Previously, the English term “open joint-stock company” was used in relation to JSC. By analogy with it, the current public joint stock companies can be called a public joint-stock company. This conclusion is confirmed by the practice of using this term in relation to companies from Ukraine, where PJSCs have existed for a long time.

In addition, the difference in right-wing terminology in English-speaking countries should also be taken into account. Thus, by analogy with UK law, the term “public limited company” is theoretically acceptable, and with US law - “public corporation”.

The latter, however, is undesirable, since it may mislead foreign counterparties. Apparently, the public joint-stock company option is optimal:

  • it is used mainly only for organizations from post-Soviet countries;
  • quite clearly marks the organizational and legal form of society.

So, what can ultimately be said about innovations in civil legislation concerning public and non-public legal entities?

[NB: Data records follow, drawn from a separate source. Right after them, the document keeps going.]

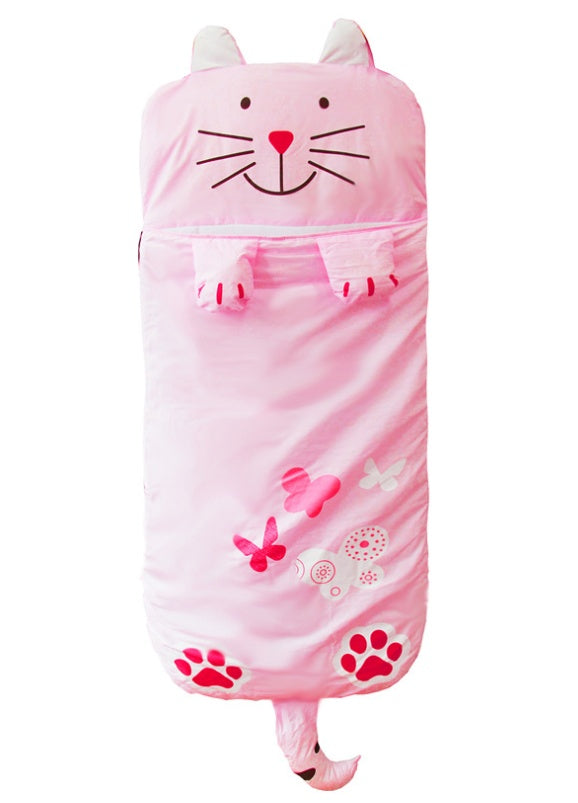 sleeping bag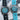 Turquoise 1000M Waterproof 49mm NH35 Automatic Ceramic Bezel Sapphire Glass Dive Watch for Men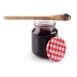 ibili houten marmelade jam lepel 18 cm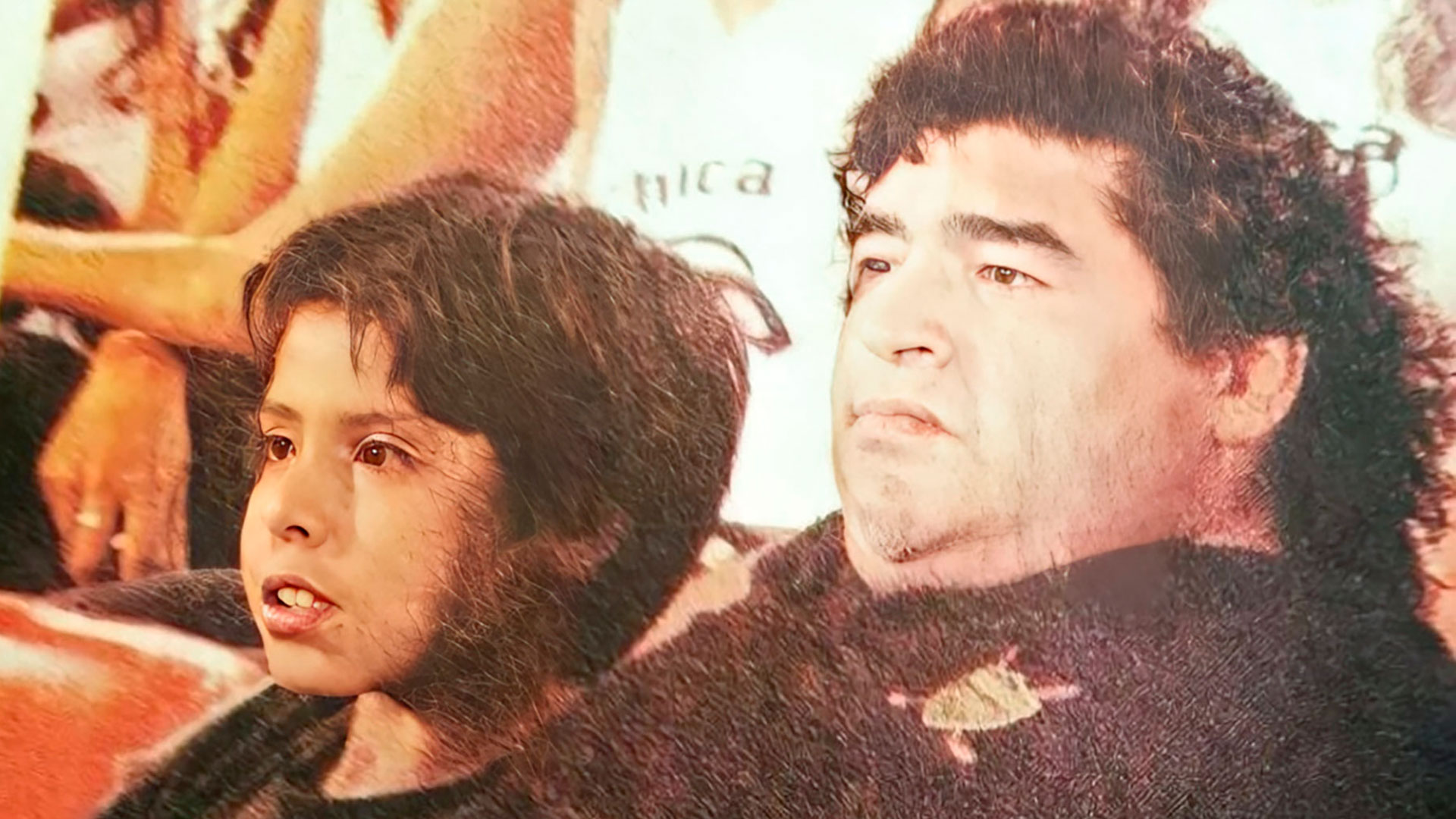 “Ayúdeme, no quiero, lo juré por Dalma y Giannina”: la historia jamás contada del abrazo que alejó a Maradona de sus demonios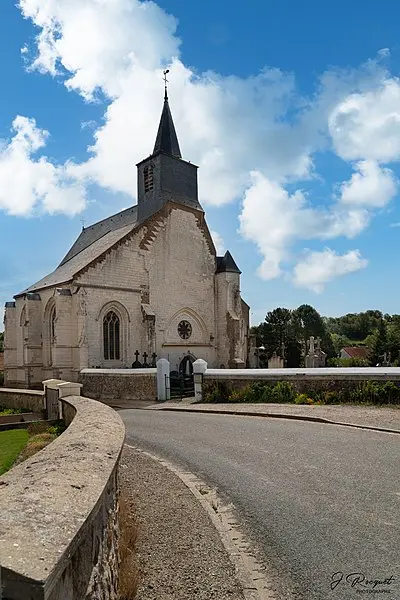 Foto di Chiesa di Saint-Quentin - Jacques Rocquet - © Creative Commons (https://creativecommons.org/licenses/by-sa/4.0/deed.fr)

In general, they make the system of organizational and legal forms for commercial organizations in Russia more logical and harmonious.

It is not difficult to make changes to the statutory documents. It is enough to rename the company according to the new rules of the Civil Code of the Russian Federation. The legalization of agreements between shareholders (corporate agreement in accordance with Article 67.2 of the Civil Code of the Russian Federation) can be considered a step forward.

Both for the state and for society as a whole, the division of persons into individuals and legal entities has special importance. Moreover, it is a fundamental factor for many articles of the Civil, Administrative, Labor and other codes of the Russian Federation.

Comparison of a legal entity and an individual

In order to take into account the interests of individuals as much as possible, you need to know whether this person is an individual or a legal entity. Legal capacity, risks, properties - for individuals and legal entities many differences. So, first let's look at these two concepts.

Individual is a person, with or without citizenship, who has responsibilities and rights simply because he exists. By virtue of his birth, he has legal capacity, and legal capacity is determined by his age. Legal capacity and legal capacity can only be limited by a court decision, or in accordance with the law.

Entity is an organization that has been registered in accordance with all the rules defined by law. This organization may have as its main goal both making a profit and simply working for a society or idea.

Legal entities, as a rule, have an organizational form. So, the most common form is an LLC, but a legal entity can also be a joint stock company, etc.

Let's consider the main differences between an individual and a legal entity.

  1. Emergence. Thus, an individual arises at the moment of his birth, an organization at the moment of its registration.
  2. Capacity. The organization is valid from the moment of its registration until the moment of liquidation. An individual can be either partially or fully capable depending on age and medical indications.
  3. Responsibility. A company can only be brought to civil and administrative liability; in addition to the above, a person can also be held criminally liable.
  4. Termination of activities. An individual ceases to exist only at the time of death, a company - after the completion of its liquidation process.

Advantages of opening an LLC

A limited liability company is considered the most optimal organizational form when creating a company among entrepreneurs. Let's look at the main positive aspects of creating an LLC.

OOO - the simplest organizational form of all possible for opening an organization. However, even it has some disadvantages, which, compared to the advantages, do not seem so significant.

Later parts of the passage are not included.